**Exercise requirements:** Could you output exactly the lines from the one containing "基于Struts网络辅导平台的设计与实现(SQL2000)" through the end of the records below, and nothing more?

Items from a dataset:
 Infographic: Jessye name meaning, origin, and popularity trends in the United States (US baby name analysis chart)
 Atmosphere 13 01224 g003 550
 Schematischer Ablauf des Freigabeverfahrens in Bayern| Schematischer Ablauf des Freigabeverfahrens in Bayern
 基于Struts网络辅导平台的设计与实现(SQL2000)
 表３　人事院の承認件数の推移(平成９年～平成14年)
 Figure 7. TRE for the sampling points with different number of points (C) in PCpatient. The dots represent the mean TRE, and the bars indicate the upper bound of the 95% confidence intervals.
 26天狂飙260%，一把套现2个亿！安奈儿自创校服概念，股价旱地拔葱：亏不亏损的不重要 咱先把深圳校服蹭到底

**Answer to the exercise:**
 基于Struts网络辅导平台的设计与实现(SQL2000)
 表３　人事院の承認件数の推移(平成９年～平成14年)
 Figure 7. TRE for the sampling points with different number of points (C) in PCpatient. The dots represent the mean TRE, and the bars indicate the upper bound of the 95% confidence intervals.
 26天狂飙260%，一把套现2个亿！安奈儿自创校服概念，股价旱地拔葱：亏不亏损的不重要 咱先把深圳校服蹭到底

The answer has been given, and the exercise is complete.